INSTRUCTIONS TO FOLLOW
From the first line to the last, transcribe the data exactly and skip the pictures.

RECORD SET
++++
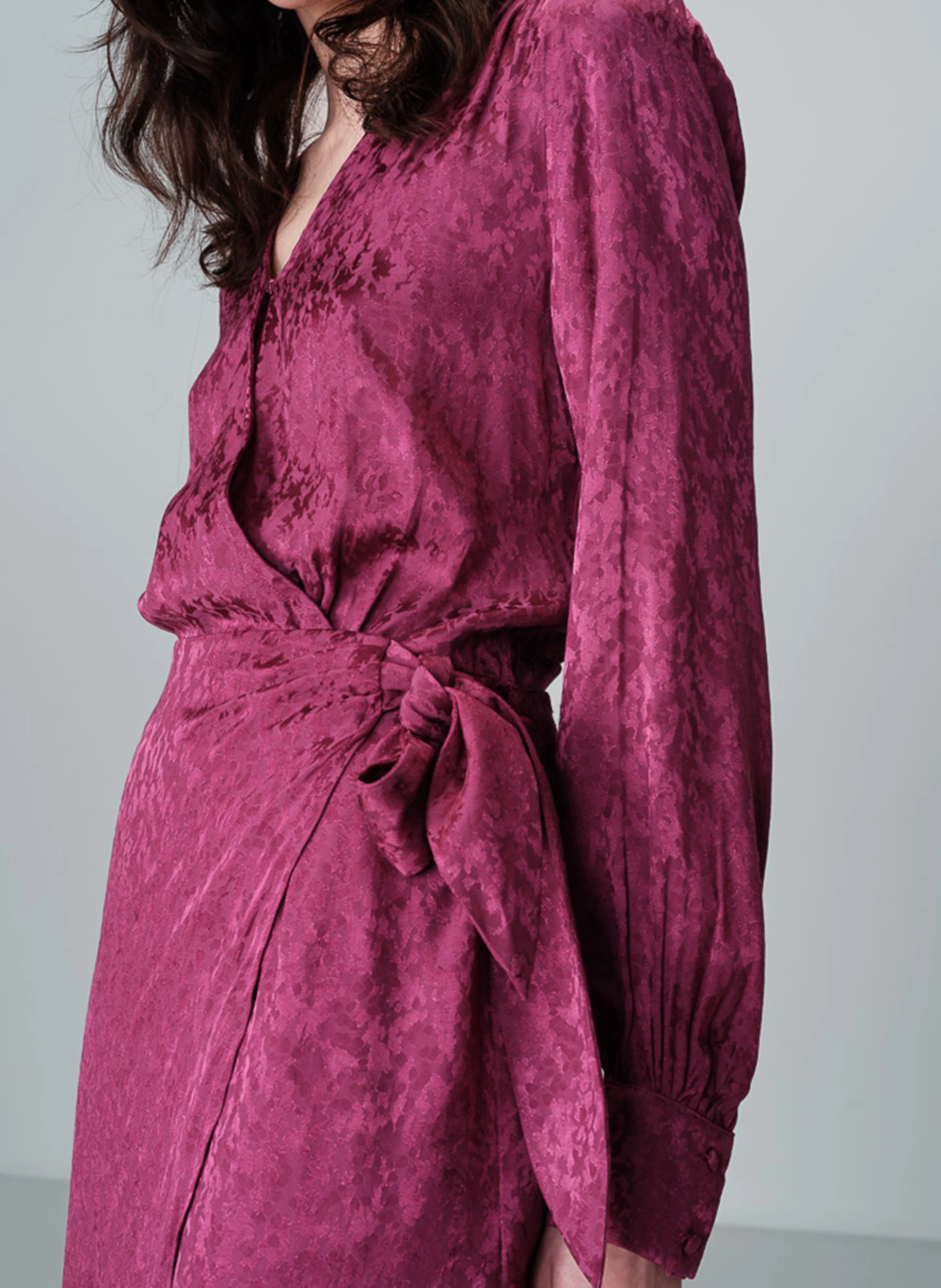 NUANCE - Robe courte cache-coeur | Rose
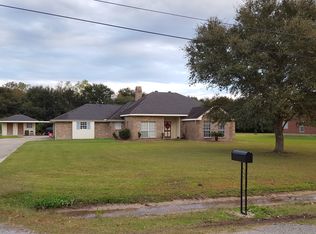 126 Klumpp Ln, Lake Charles, LA 70607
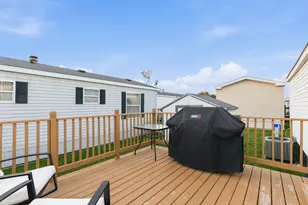 132 3rd Ave, Bartlett, IL 60103 - Photo 2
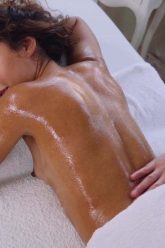 la-mexicana-melody-petite-aceitada-y-lista-para-recibir-su-masaje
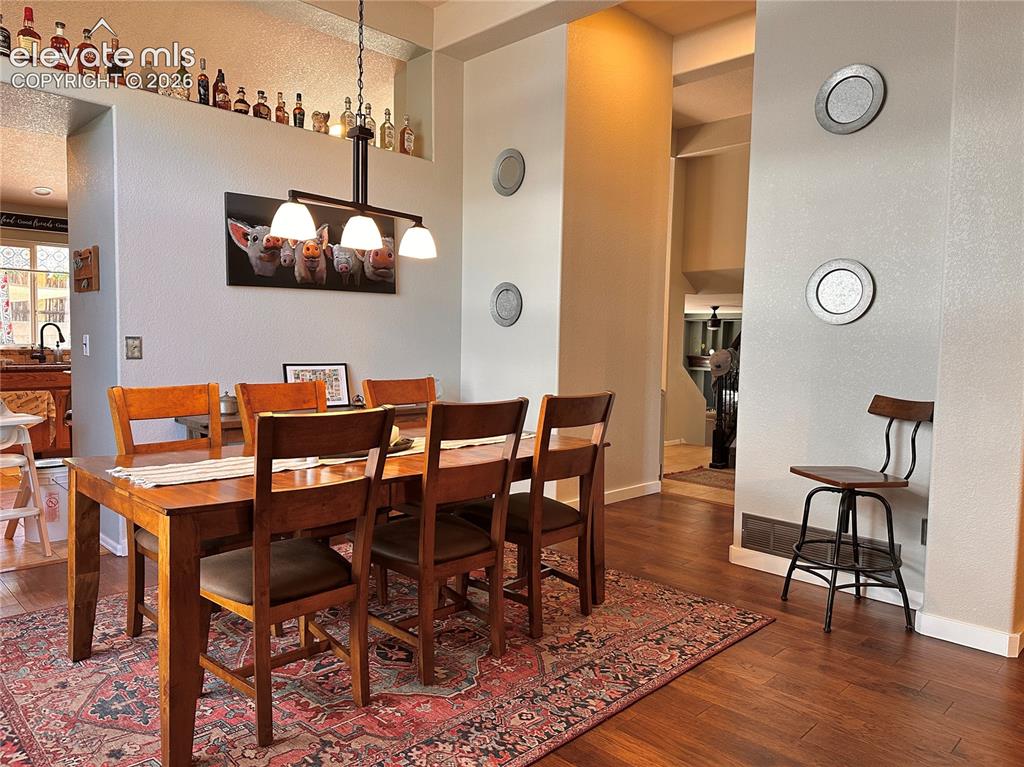 Image 6 of 30: Dining Area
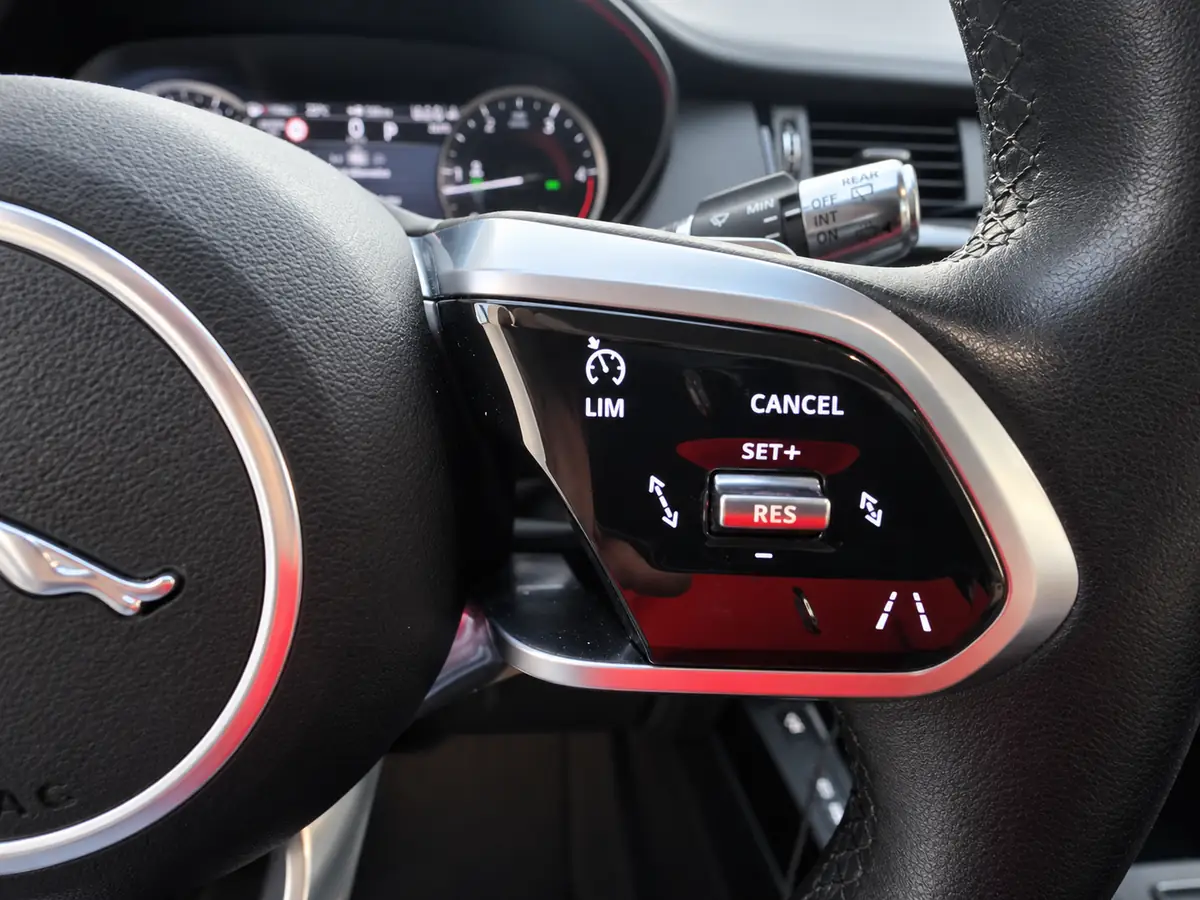 JAGUAR_EPACE_NEGRO_7103LRX_WEB_024_MANDOS_VOLANTE_DERECHA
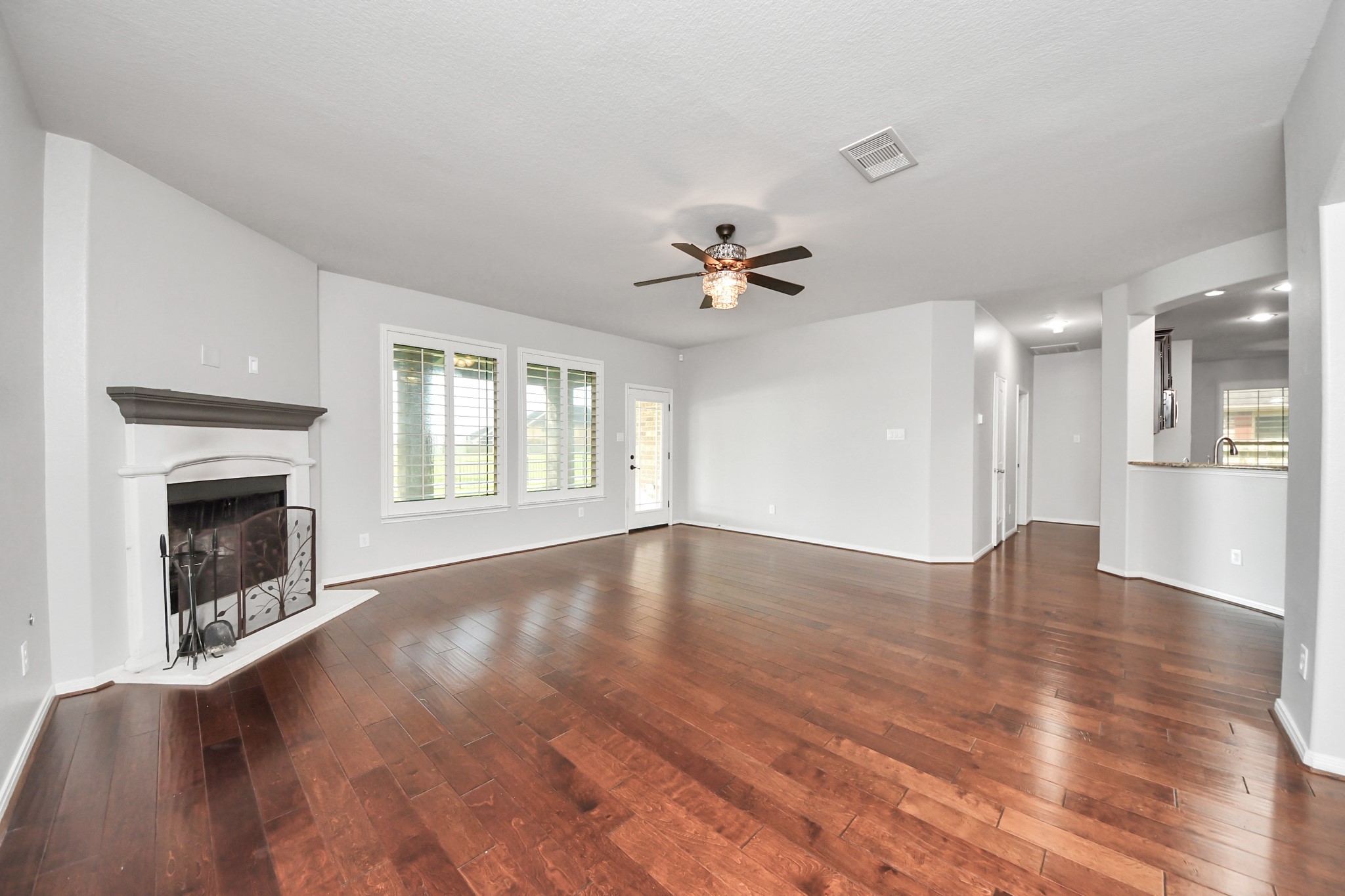 1111 Wheatfield Court Property Photo 7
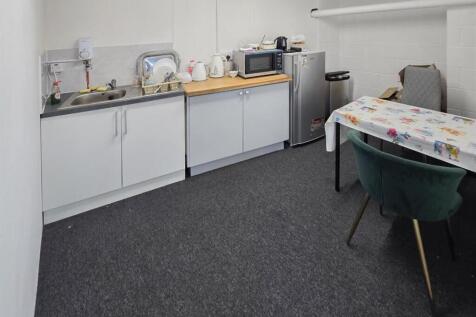 WhatsApp Image 2025-05-29 at 5.28.37 PM (3).jpeg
++++
SOLUTION
 NUANCE - Robe courte cache-coeur | Rose
 126 Klumpp Ln, Lake Charles, LA 70607
 132 3rd Ave, Bartlett, IL 60103 - Photo 2
 la-mexicana-melody-petite-aceitada-y-lista-para-recibir-su-masaje
 Image 6 of 30: Dining Area
 JAGUAR_EPACE_NEGRO_7103LRX_WEB_024_MANDOS_VOLANTE_DERECHA
 1111 Wheatfield Court Property Photo 7
 WhatsApp Image 2025-05-29 at 5.28.37 PM (3).jpeg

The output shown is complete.